Ho-hum. Old news. We've killed hundreds of thousands of these weaklings already, been killing them for years, with sanctions, bombs, snipers, chaos, deprivation, whatever. Who cares? You know what's really important? If Jim Baker can "seal his legacy in the realm of statesmen" by spraying enough perfume on the shitheap that Junior Bush has made of Iraq so that the high and mighty of the American Establishment can slither out of the mire without smelling too bad.
That's what it's all about, baby, that's the kind of thing that counts. How a lifelong, bloodstained bagman can become a "second Disraeli." How Hillary and Obama can nuance their positions to squeeze maximum political mileage out of the American-made mass slaughter in Iraq.

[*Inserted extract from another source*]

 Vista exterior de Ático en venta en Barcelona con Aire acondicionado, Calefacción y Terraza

How many he-man poses John McCain can strike on his knees as he grovels to the slavering extremists he thinks will make him president.

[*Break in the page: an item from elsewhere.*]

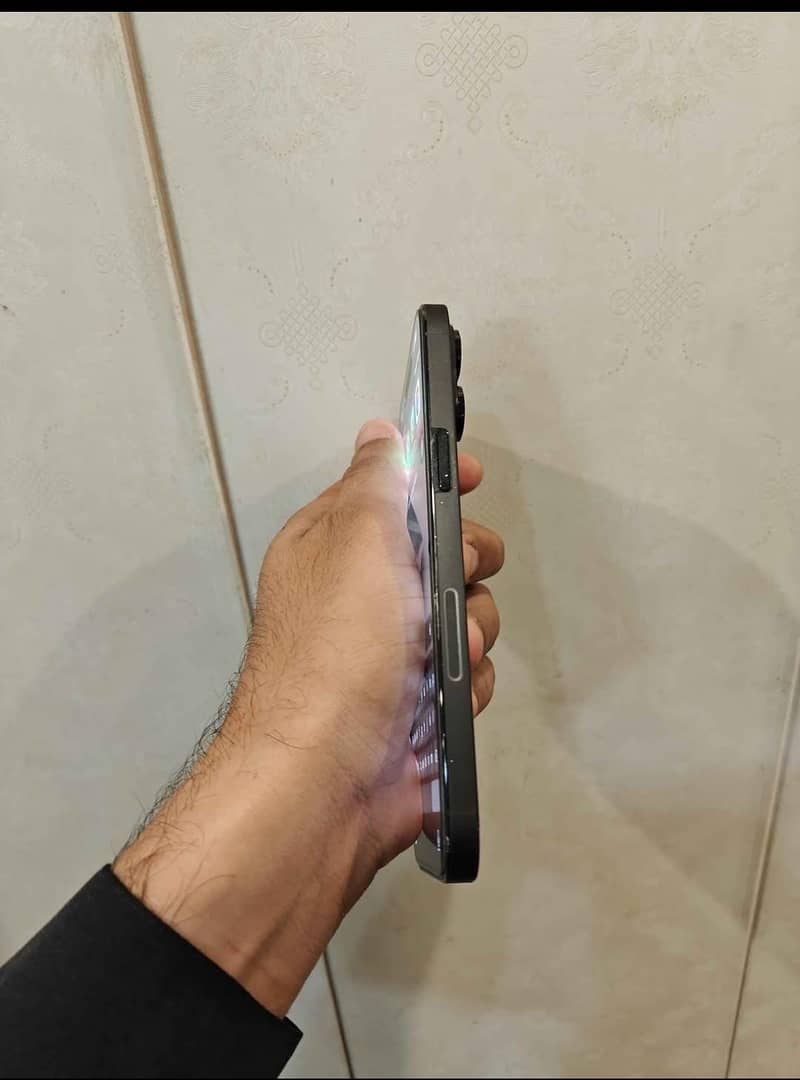IPhone 14 Pro max 2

That's where the focus of our political discourse will be from here on out. (With frequent side dishes of stern condemnation of the worthless Iraqis for "failing" us, of course.) This time next year – when U.S. forces have either high-tailed it "over the horizon" into Kuwait or else are hunkered down in the (supposedly) permanent bases from which the Bush-Cheney faction have always intended to plunder the spoils of the hydra-headed war they've engendered – the chattering classes that control the public debate will still be chewing the clot-smeared rags of the Beltway power game.
Long after the casualties of the Establishment-backed "war of choice" have passed the one million mark, we'll still see cozy pictures of George W. Bush pardoning turkeys. We'll still hear H. Clinton and John Edwards and other "opposition" leaders who authorized the war of aggression waxing eloquent on "stability and peace" and "a more responsible approach to American power" and "let no one doubt our bipartisan resolve" to slap Iran or goose Korea or poke Waziristan or do "whatever it takes" to "preserve and defend our way of life and advance the cause of freedom in the world." The women and children and old and sick of Iraq – a once-modern land reduced to a state of savagery by the reckless greed and inbred stupidity of the American elite – will scarcely feature as background noise to the bright chatter of the chatterers as they natter away in comfort and safety.
While the weakest sicken, dwindle and die in burned-out towns and refugee camps, learned symposia will be convening in pricey hotels and greenswarded universities to ponder "the lessons of Iraq" and determine how to "do it better next time." Indeed, the New York Times – that indispensable dispenser of conventional wisdom, the great cow whose dripping cud is gobbled by the whole media herd – has already begun the process. Its Sunday editorial adjures future leaders to imbibe bitter wisdom from the "misconceived notions" that bedeviled the Iraqi adventure, and be sure to have plenty more "stabilization" jazzmo on hand the next time U.S. foreign policy requires "re-establishing order in a defeated, decapitated society." Because God knows, we're always going to be defeating and decapitating societies somewhere, right?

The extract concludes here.